Extended Data Fig. 7. A potential lumenal half-channel at core subunit ND2.

View along the membrane arm. In the Arabidopsis I + III₂ supercomplex, a water-filled part of the central aqueous passage around the ND2 π-bulge (transparent red, white dotted ellipse) is blocked on the lumenal side (horizontal black line) by the sidechain of ND2 Y412 and an adjacent detergent molecule (GDN, green). Waters in red; GDN, glyco-diosgenin.

Extended Data Fig. 8. Architecture of the ubiquinol/ubiquinone (Q) binding sites in Arabidopsis complex III₂.

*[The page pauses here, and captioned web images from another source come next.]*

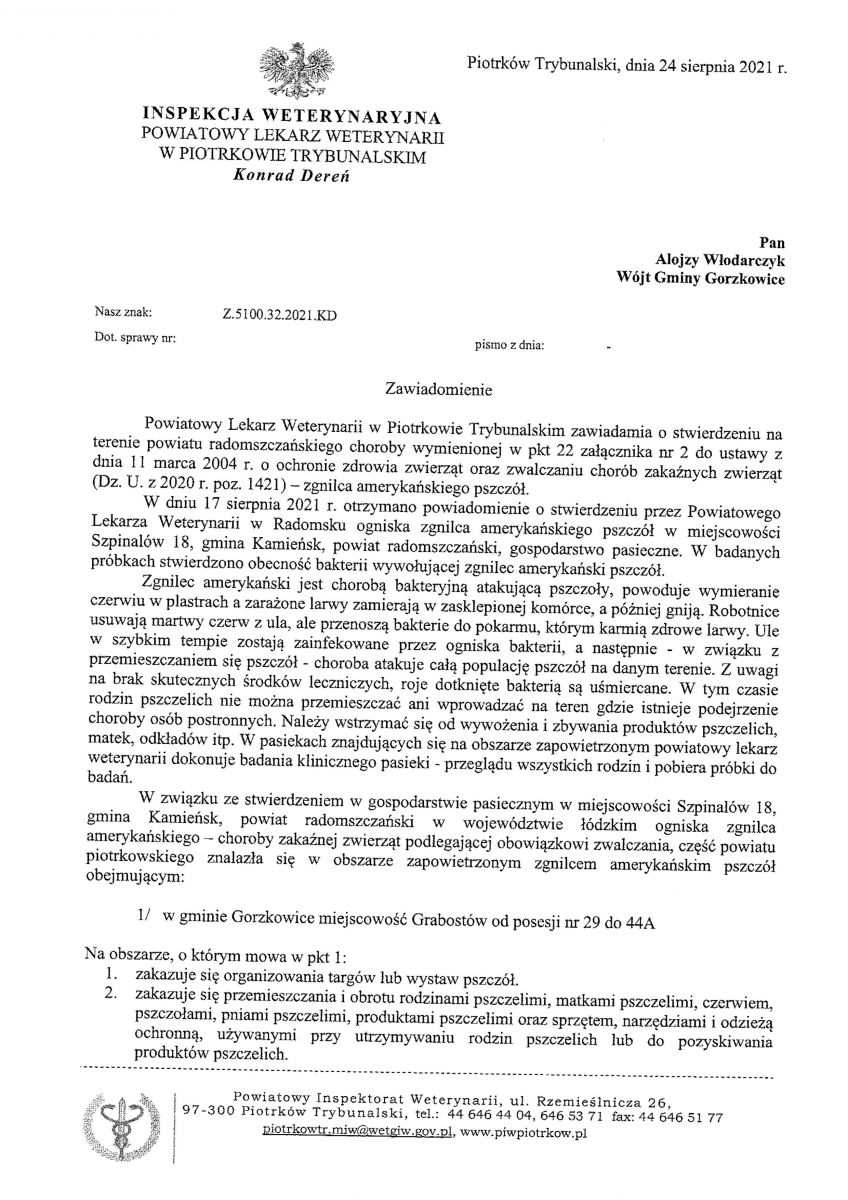 ZGNILEC PSZCZÓŁ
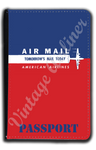 AA Air Mail Sticker Passport Case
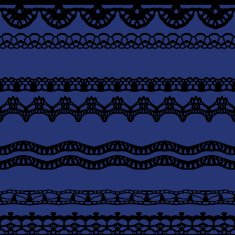 Black and blue lace seamless stripes pattern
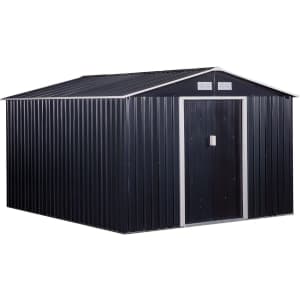 Outsunny 11x9-Foot Outdoor Storage Shed for $427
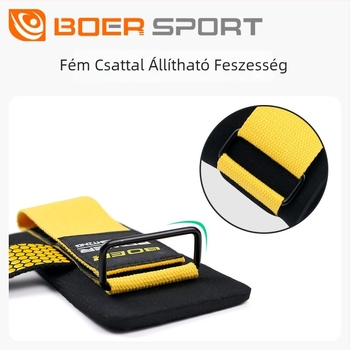Boer csúszásmentes edzőöv húzódzkodáshoz, felhúzáshoz, fekvenyomáshoz és rudas edzéshez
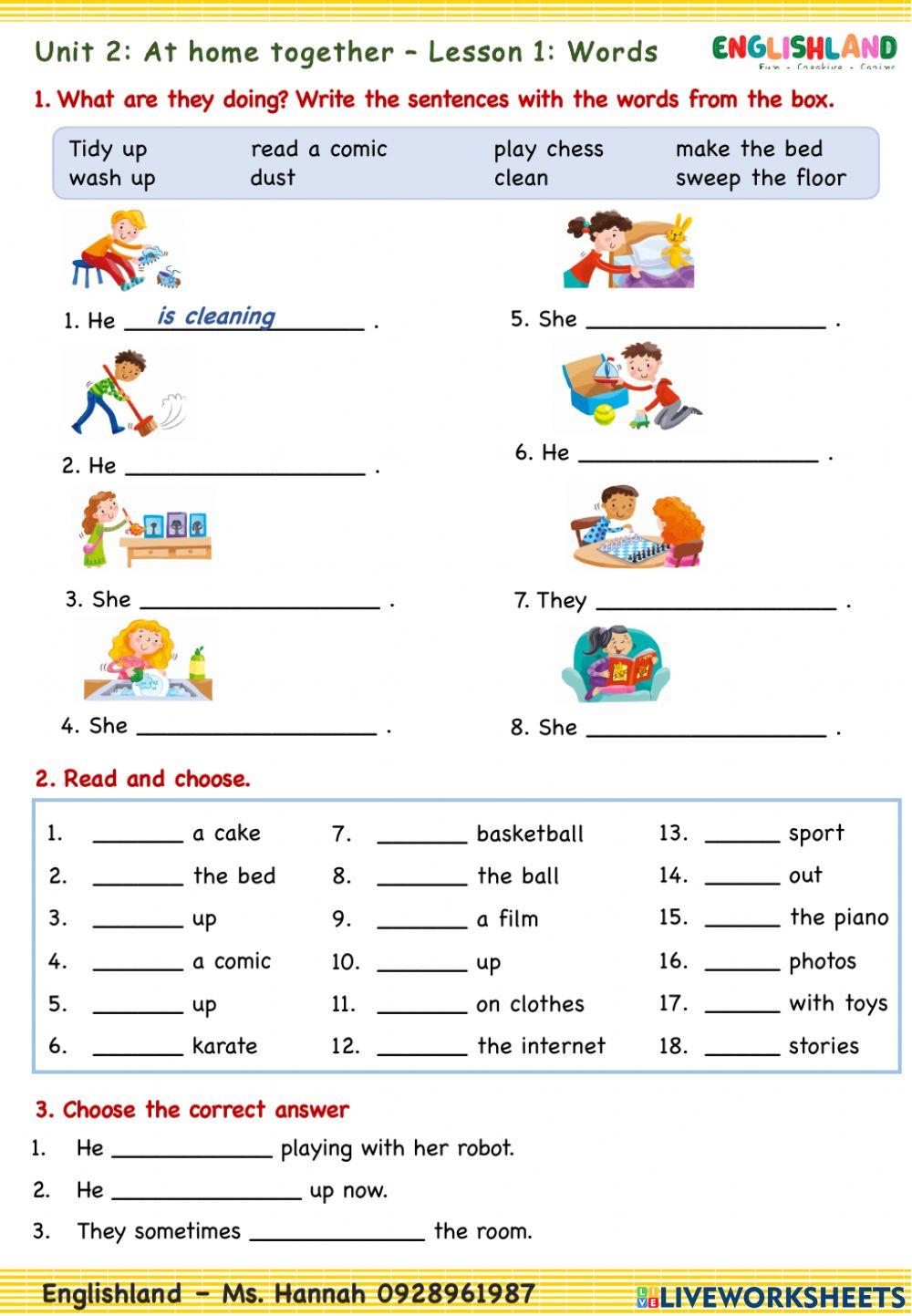 U2 L1 Vocabulary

a, The Q_o site. One proton from bound ubiquinol can be transferred directly to H237 of the Rieske head domain in the b-state (black dotted line). The second proton can be released into the bulk solvent of the lumen (red arrows) along a chain of water molecules towards Cyt b H259 or towards a pool of water molecules (dotted blue ellipse) involving Cyt b Y280 and the heme b_L propionate group. The sidechain of Cyt b E278 of the Q_o motif faces away from the ubiquinol (black arrow) and its carboxylate group is not in hydrogen bond distance to the substrate or the water chain (grey dotted lines). b, The Q_i site. Proton transfer from the bulk solvent of the matrix (blue arrows) towards a carbonyl group of bound ubiquinon can proceed via two hydrogen bond networks from clusters of water molecules (blue ellipses). One of them is surrounded by subunit QCR7, the N-terminal part of the Rieske protein, subunit Cyt c₁, Cyt b and three bound lipids (two cardiolipins, CL; one phosphatidylcholine, PC). From this pool, protons can be accepted by Cyt b K234 from where they can pass to the bound ubiquinone across Cyt b D235. The other proton transfer pathway involves Cyt b K224. Our structure indicates that Cyt b H208 participates in proton transfer by forming a direct hydrogen bond to ubiquinone. Red dots, water molecules; black dotted lines, hydrogen bonds. Colors of the protein subunits (Cyt c₁, Cyt b, Rieske, QCR7) as in Fig. 2. Q is drawn in pink.

Extended Data Fig. 9. Positions of the Rieske head domain in complex III structures.

In the Arabidopis I + III₂ supercomplex (a), the Rieske head domain (magenta) is locked in the b-state with its FeS cluster positioned 6.8 Å and H237 2.9 Å away from the bound ubiquinone/ubiquinol that accepts the electron. These distances resemble those in the stigmatellin-bound complex III₂ crystal structure of Saccharomyces cerevisiae (b) and are smaller than in the b-state in the cryo-EM structures of the Ovis aries (sheep) I + III₂ supercomplex (c) and of the Candida albicans complex III₂ (d) where the Rieske head group was also resolved in the c-state (e). Ubiquinone/ubiquinol is shown in pink, the inhibitor Stigmatellin in blue; distances between Q_o/Rieske FeS group and Q_o/FeS coordinating histidine are indicated by black dotted lines. PDB accession codes: Saccharomyces, 1EZV; Ovis, 6Q9E; Candida b-state, 7RJB, and Candida c-state, 7RJD. Sidechains of the Rieske head domain histidine are not present in the Candida models.